_WHAT TO DO_.
In the records below, repeat word for word only the lines starting at the one that contains "Cocina del primer piso - 9 Kingsley Ave" and ending at the one that contains "Cropped Blazer with Mongolian Fur - 4", pictures excluded.

_ENTRIES PROVIDED_.
BEGIN
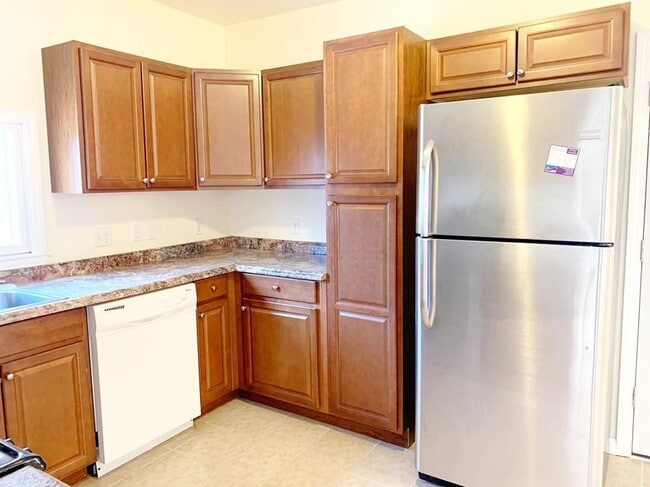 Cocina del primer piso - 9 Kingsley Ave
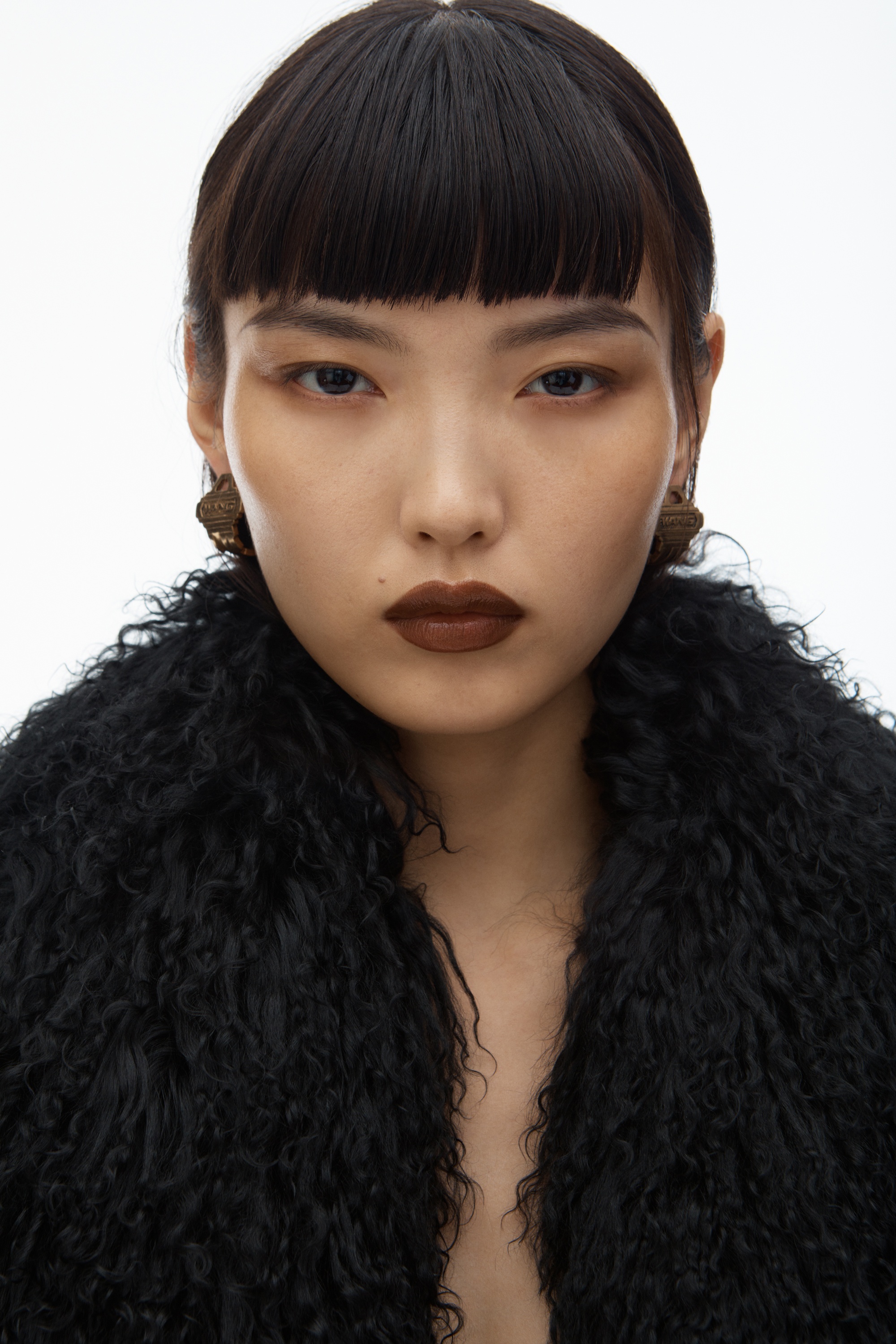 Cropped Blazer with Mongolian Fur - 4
END
BEGIN
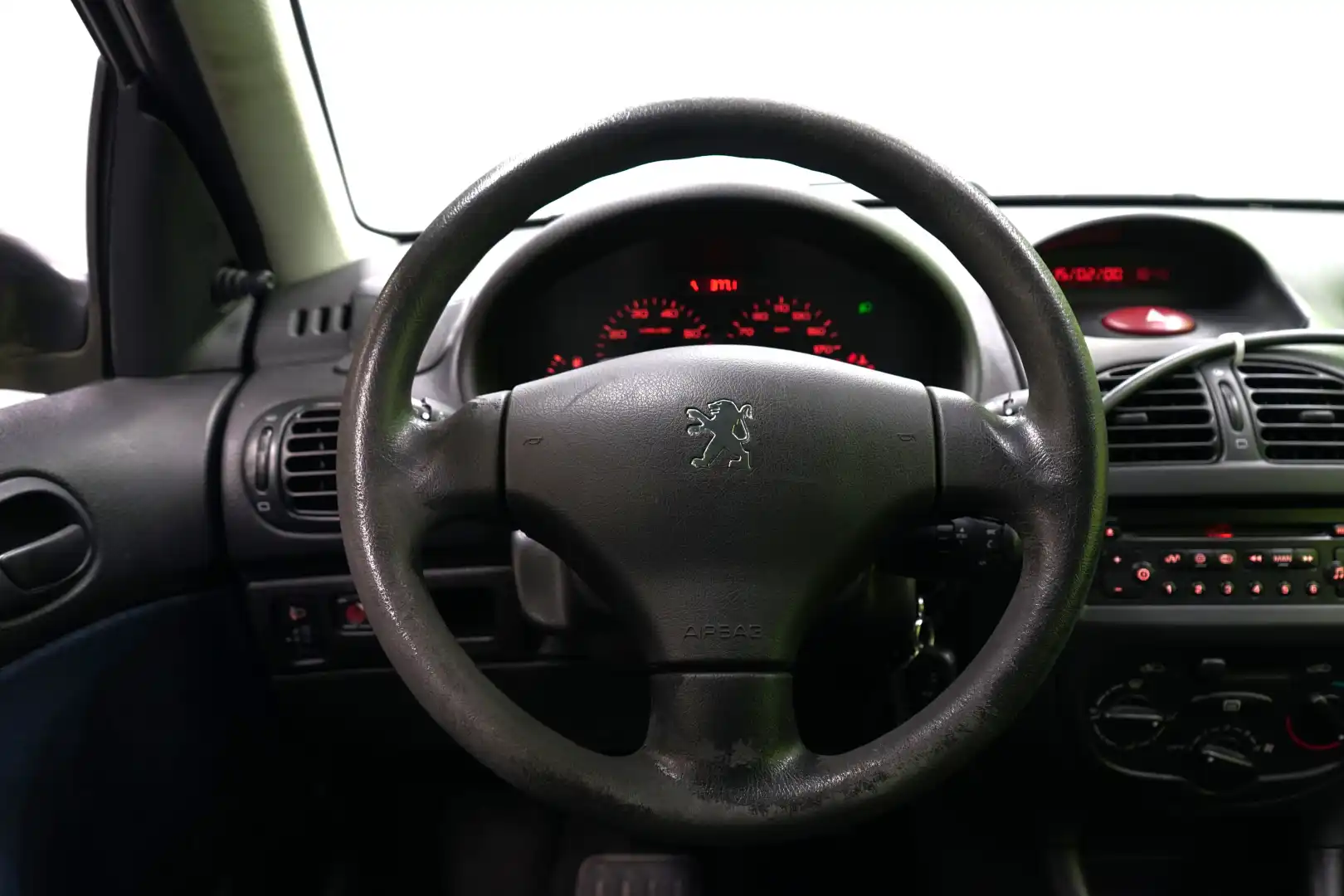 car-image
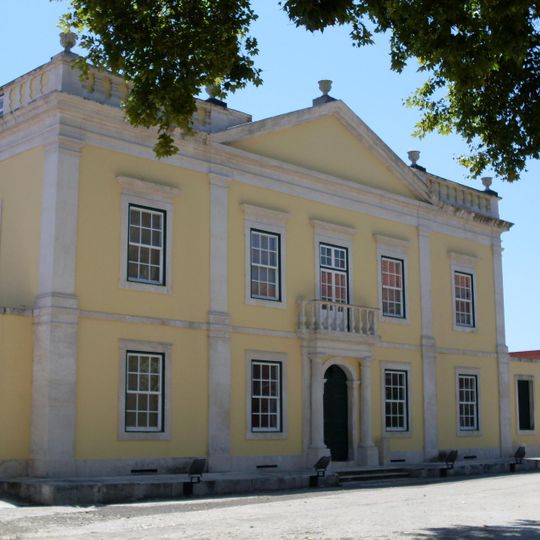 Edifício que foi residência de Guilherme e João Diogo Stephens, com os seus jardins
END
_ANSWER AREA_.
 Cocina del primer piso - 9 Kingsley Ave
 Cropped Blazer with Mongolian Fur - 4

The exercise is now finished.